Why is this interpretability important?
From the business owner’s point of view, interpretability is important because it can give new insights into relationships between numerous variables and expected outcomes. It is also great to prove that the model does not operate magically which increases the trust of the people who use it in their daily business decisions.
There have been quite a few cases in recent years when the lack of such interpretability resulted in seriously skewed results. In one case, the software used to assess the probability of recidivism in offenders gave mistaken results due to racial bias. In another, scientists at Carnegie Mellon University found that men were much more likely to be shown ads for well-paid jobs on Google.
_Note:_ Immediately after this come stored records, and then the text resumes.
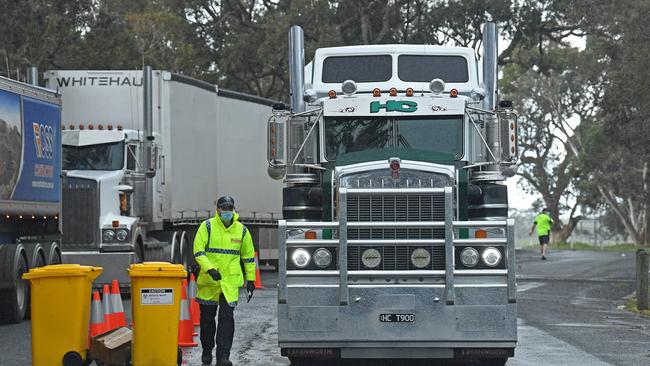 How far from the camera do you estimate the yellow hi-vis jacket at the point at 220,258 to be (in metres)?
14.0

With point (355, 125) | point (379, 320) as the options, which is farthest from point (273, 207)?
point (379, 320)

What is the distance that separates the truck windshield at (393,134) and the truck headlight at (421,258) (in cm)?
193

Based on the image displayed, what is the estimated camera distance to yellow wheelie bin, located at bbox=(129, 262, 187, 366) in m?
13.4

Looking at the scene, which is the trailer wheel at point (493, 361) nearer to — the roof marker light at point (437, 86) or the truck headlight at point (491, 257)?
the truck headlight at point (491, 257)

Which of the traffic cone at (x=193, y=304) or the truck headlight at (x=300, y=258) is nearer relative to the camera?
the truck headlight at (x=300, y=258)

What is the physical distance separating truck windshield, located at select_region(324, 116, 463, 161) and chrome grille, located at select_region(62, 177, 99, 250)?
9.40 meters

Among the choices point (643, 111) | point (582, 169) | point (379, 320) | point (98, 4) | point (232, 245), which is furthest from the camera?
point (582, 169)

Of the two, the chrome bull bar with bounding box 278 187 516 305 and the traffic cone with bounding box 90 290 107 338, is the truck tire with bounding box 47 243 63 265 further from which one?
the chrome bull bar with bounding box 278 187 516 305

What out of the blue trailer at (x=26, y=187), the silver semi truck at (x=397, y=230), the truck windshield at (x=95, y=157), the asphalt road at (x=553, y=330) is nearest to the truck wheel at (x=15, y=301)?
the blue trailer at (x=26, y=187)

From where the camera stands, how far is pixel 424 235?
13.3m

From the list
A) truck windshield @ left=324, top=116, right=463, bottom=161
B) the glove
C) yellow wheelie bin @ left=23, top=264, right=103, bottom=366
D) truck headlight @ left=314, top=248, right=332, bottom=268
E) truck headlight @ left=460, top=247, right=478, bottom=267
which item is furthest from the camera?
truck windshield @ left=324, top=116, right=463, bottom=161

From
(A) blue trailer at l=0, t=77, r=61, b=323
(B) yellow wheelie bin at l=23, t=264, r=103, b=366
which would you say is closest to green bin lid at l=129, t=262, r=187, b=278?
(B) yellow wheelie bin at l=23, t=264, r=103, b=366

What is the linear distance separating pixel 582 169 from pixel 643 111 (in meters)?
41.9

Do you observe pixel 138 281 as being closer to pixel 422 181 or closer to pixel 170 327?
pixel 170 327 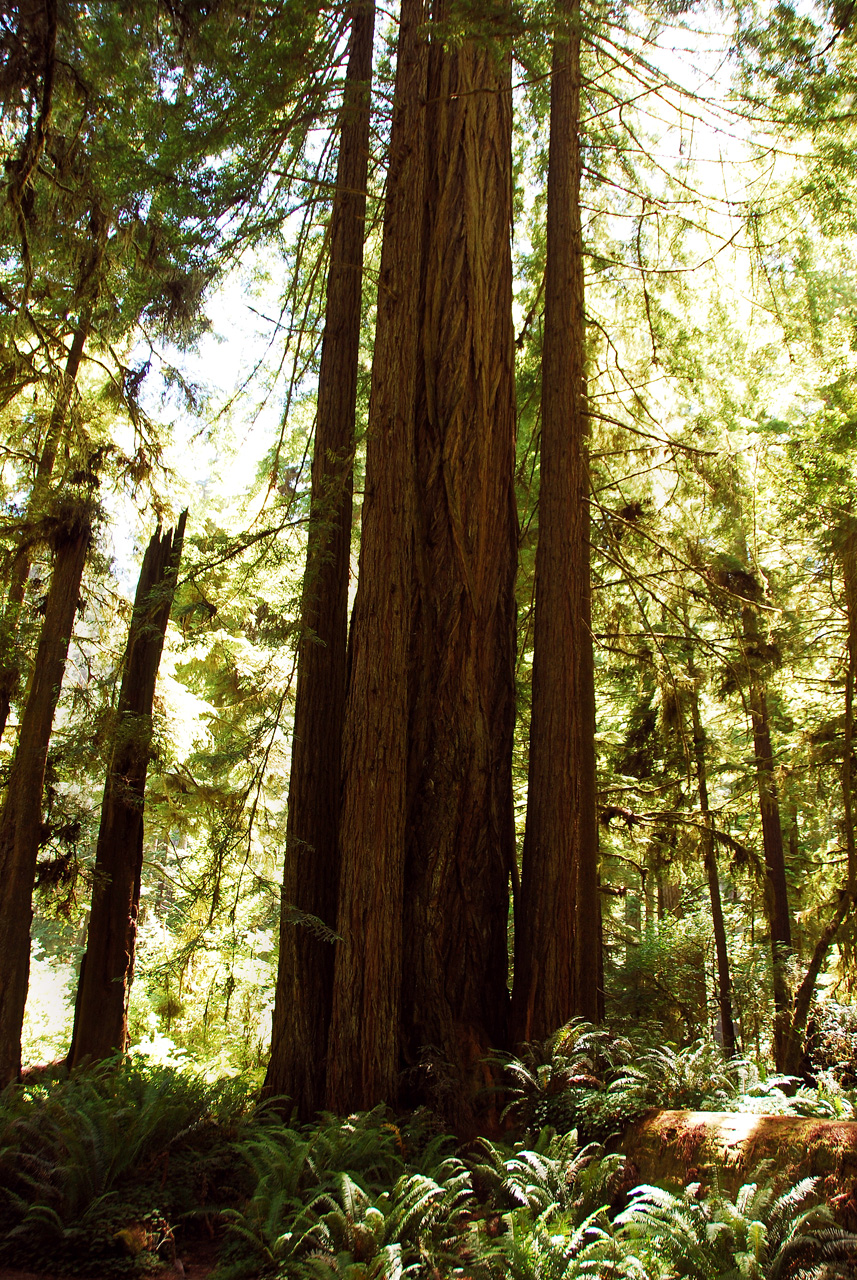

As you can see, in some models, this interpretability is necessary to understand the legitimacy of the result.
In extreme cases, this interpretability may be the purpose in and of itself. ML analysis may be used to discover the structure and order in, e.g., business processes or customer behavior.
For every success story, there are thousands of cases of companies bogged down in a deep AI solution they had no business getting into in the first place. The hype surrounding AI and deep learning is not unjustified – it’s a game-changer in many industries. Right on this blog, we’ve covered how deep neural networks are used in accounting (3 A.I. solutions for tax and accounting that will help you keep your business alive) and medicine (How technology can improve medicine and How AI and Data Science can help manage diabetes in everyday life). That does not mean that it’s the right choice for you. Make sure you’re fully aware of what deep learning solutions entail before you embark on that journey (really, it’s a journey!), and remember that most often the best solution is the simplest solution that works.